Most recently, the headlines have been made by prosecution fleeing refugees and political perpetration targeting asylum seekers around the globe. While it's good that the world has been concerned about the overwhelming numbers of refugee influxes, it's alarming that the governments somehow only acknowledge "religious/political prosecution" as grounds for human rights breach and the consequent grant of refuge. But have we ever thought how climate change might also be forcing people to flee their homes to save their lives ? Let's reflect on the less obvious today.


The UN has recently ruled that people fleeing immediate danger due to the climate crisis cannot be forced to return home. Sending asylum seekers home when their lives are threatened by the climate crisis "may expose individuals to a violation of their rights" - specifically, it said, their right to life. The UN ruling - which is non-binding - is the clearest warning to countries that they may be breaching a person's human rights if they send them back to a country at immediate risk of climate-related danger.

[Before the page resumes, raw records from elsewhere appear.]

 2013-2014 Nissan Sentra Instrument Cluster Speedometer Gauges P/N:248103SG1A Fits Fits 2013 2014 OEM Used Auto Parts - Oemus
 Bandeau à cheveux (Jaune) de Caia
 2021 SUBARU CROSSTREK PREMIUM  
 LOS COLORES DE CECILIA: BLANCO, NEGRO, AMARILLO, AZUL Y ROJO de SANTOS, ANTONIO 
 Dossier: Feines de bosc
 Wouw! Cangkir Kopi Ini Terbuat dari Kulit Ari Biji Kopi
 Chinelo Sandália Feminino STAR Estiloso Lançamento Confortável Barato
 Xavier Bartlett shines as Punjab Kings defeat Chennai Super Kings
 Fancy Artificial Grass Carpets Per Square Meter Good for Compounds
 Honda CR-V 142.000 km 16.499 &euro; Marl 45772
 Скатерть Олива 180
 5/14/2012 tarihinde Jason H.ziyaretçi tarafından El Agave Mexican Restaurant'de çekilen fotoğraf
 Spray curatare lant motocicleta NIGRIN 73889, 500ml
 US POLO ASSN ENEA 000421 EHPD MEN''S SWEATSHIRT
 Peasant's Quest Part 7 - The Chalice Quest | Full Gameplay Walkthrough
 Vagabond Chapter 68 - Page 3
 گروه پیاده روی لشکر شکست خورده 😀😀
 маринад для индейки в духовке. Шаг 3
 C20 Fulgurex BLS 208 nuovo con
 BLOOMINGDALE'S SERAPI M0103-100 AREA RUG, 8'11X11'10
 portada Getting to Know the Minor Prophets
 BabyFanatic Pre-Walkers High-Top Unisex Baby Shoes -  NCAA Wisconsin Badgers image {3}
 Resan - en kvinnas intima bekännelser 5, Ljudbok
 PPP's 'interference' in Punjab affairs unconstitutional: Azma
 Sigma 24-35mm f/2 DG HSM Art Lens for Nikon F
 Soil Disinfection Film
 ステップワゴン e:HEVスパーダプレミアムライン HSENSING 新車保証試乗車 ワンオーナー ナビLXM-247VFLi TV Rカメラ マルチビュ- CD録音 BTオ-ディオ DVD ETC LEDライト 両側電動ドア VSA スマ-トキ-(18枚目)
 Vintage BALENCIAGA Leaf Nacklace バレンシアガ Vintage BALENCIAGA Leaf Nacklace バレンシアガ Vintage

The landmark ruling centres on the case of Ioane Teitiota, whose home - the Pacific Island of Kiribati - is threatened by rising sea levels. Mr Teitiota applied for protection in New Zealand in 2013. The UN rejected his claim, saying he wasn't in immediate danger, but the wording of its ruling allows others to claim asylum based on climate change.


"Given that the risk of an entire country becoming submerged under water is such an extreme risk, the conditions of life in such a country may become incompatible with the right to life with dignity before the risk is realised," ad verbatim.


The UN's Intergovernmental Panel on Climate Change previously warned that Kiribati was one of the six Pacific island nations most threatened by rising sea levels. The island, it said, could become uninhabitable by 2050.


Another report from the Environmental Justice Foundation (EJF) has warned that tens of millions of people could be displaced due to climate change within the next decade, while in 2018 the World Bank said climate change would force more than 140 million people to leave their homes in South Asia, Sub-Saharan Africa and Latin America.


I hope that more and more nations come out in support of and start granting asylum to the victims of climate change induced migration.